:: Record excerpts ::
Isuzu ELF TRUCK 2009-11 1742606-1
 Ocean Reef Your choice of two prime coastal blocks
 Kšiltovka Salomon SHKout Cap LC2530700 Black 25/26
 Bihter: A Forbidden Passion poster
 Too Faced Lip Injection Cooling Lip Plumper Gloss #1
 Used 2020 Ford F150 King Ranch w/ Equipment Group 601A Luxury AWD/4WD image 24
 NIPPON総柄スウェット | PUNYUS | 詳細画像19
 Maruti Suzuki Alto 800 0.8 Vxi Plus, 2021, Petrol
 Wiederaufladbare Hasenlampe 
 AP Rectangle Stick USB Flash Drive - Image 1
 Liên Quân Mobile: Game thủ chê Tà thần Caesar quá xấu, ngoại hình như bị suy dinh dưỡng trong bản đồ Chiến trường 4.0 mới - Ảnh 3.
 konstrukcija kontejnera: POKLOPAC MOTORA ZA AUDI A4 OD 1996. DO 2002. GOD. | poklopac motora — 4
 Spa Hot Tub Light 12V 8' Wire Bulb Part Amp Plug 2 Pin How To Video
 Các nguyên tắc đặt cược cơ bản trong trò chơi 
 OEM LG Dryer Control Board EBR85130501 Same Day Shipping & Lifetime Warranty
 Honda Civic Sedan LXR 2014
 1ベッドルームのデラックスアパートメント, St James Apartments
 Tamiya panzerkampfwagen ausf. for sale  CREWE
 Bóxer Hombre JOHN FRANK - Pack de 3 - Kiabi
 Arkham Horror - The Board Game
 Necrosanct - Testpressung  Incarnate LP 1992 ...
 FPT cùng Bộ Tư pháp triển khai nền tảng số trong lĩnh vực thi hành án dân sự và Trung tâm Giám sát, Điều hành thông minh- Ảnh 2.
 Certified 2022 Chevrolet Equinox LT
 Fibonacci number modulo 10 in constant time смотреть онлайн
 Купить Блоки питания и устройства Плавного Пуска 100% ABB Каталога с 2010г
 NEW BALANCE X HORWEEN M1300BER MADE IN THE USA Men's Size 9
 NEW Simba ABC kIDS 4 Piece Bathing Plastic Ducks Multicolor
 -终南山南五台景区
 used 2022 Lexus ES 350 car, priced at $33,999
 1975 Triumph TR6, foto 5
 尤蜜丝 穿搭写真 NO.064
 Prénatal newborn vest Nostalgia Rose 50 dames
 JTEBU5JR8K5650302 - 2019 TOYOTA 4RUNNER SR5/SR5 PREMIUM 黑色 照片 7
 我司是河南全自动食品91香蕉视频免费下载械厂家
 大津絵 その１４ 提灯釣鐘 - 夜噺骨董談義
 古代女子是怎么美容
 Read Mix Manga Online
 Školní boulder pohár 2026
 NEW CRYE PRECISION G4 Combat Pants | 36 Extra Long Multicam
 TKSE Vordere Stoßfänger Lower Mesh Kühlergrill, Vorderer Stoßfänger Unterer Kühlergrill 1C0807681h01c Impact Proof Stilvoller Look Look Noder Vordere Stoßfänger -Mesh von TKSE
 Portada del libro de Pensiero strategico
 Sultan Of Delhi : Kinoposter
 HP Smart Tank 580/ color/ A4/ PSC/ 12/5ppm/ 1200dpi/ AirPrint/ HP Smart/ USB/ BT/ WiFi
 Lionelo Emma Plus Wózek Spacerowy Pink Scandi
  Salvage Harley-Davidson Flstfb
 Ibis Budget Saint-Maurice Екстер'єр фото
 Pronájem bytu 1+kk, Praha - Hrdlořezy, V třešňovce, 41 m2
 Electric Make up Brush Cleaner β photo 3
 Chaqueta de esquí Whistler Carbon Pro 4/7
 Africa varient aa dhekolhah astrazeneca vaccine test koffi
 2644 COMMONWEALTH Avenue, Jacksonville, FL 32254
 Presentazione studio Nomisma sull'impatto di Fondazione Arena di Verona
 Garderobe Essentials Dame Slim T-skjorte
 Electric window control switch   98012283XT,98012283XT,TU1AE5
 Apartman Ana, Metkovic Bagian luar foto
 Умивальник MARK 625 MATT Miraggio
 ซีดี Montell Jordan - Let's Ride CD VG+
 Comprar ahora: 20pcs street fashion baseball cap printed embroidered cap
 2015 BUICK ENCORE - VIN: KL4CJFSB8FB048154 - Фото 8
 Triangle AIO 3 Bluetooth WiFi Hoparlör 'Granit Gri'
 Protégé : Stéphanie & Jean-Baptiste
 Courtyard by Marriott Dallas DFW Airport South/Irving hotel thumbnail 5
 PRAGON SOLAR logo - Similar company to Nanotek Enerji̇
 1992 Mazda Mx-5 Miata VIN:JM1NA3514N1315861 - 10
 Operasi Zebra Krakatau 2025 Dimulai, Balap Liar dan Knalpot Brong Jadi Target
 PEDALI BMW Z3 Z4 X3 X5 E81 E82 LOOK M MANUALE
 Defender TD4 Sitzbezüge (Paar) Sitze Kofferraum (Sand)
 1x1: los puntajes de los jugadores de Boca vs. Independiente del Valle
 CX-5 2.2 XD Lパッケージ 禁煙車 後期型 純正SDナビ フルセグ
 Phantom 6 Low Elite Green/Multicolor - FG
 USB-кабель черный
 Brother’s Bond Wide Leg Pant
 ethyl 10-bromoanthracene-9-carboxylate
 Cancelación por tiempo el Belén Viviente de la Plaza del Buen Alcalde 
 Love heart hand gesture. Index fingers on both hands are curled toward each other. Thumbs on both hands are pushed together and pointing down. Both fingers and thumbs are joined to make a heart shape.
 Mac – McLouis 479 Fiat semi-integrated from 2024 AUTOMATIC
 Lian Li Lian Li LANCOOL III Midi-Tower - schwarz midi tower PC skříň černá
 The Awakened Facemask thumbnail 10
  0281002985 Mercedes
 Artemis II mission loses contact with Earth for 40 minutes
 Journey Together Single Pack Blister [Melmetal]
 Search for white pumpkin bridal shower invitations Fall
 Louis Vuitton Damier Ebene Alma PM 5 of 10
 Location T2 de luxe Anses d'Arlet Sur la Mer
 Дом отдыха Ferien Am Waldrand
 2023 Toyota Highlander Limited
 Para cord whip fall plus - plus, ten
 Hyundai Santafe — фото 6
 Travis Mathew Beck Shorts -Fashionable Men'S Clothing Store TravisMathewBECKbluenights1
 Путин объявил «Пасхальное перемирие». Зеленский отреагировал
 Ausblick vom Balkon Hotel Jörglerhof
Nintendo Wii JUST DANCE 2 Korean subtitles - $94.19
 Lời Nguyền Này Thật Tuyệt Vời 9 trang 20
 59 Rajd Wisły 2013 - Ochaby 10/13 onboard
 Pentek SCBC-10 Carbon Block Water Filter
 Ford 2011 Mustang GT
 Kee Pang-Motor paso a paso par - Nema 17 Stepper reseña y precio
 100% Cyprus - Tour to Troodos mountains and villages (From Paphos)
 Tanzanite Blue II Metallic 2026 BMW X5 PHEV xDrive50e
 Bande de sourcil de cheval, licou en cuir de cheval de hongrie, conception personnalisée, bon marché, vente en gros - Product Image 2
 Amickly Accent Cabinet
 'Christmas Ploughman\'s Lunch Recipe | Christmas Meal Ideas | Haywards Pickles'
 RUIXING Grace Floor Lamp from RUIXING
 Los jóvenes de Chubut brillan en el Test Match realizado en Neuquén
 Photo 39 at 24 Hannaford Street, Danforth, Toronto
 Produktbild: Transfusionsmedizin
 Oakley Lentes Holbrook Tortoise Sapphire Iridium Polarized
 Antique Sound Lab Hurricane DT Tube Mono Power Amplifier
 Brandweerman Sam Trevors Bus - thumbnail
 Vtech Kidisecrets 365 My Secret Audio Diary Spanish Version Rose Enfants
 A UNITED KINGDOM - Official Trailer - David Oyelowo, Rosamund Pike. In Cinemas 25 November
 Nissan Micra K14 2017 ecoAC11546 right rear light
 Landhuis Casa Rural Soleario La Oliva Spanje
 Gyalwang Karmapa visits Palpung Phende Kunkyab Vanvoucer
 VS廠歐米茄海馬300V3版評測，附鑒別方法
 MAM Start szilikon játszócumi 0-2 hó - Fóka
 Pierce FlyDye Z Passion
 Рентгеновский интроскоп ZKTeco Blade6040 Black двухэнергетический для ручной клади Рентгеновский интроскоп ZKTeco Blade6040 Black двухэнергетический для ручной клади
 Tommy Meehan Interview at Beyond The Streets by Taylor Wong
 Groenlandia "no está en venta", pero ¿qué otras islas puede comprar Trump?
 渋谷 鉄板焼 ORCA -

:: Exercise directions ::
Where the listing above reaches the line that contains "Presentazione studio Nomisma", start retyping, and finish with the line that contains "ซีดี Montell Jordan - Let's Ride CD VG+"; reproduce those lines exactly and no others.

:: Response ::
 Presentazione studio Nomisma sull'impatto di Fondazione Arena di Verona
 Garderobe Essentials Dame Slim T-skjorte
 Electric window control switch   98012283XT,98012283XT,TU1AE5
 Apartman Ana, Metkovic Bagian luar foto
 Умивальник MARK 625 MATT Miraggio
 ซีดี Montell Jordan - Let's Ride CD VG+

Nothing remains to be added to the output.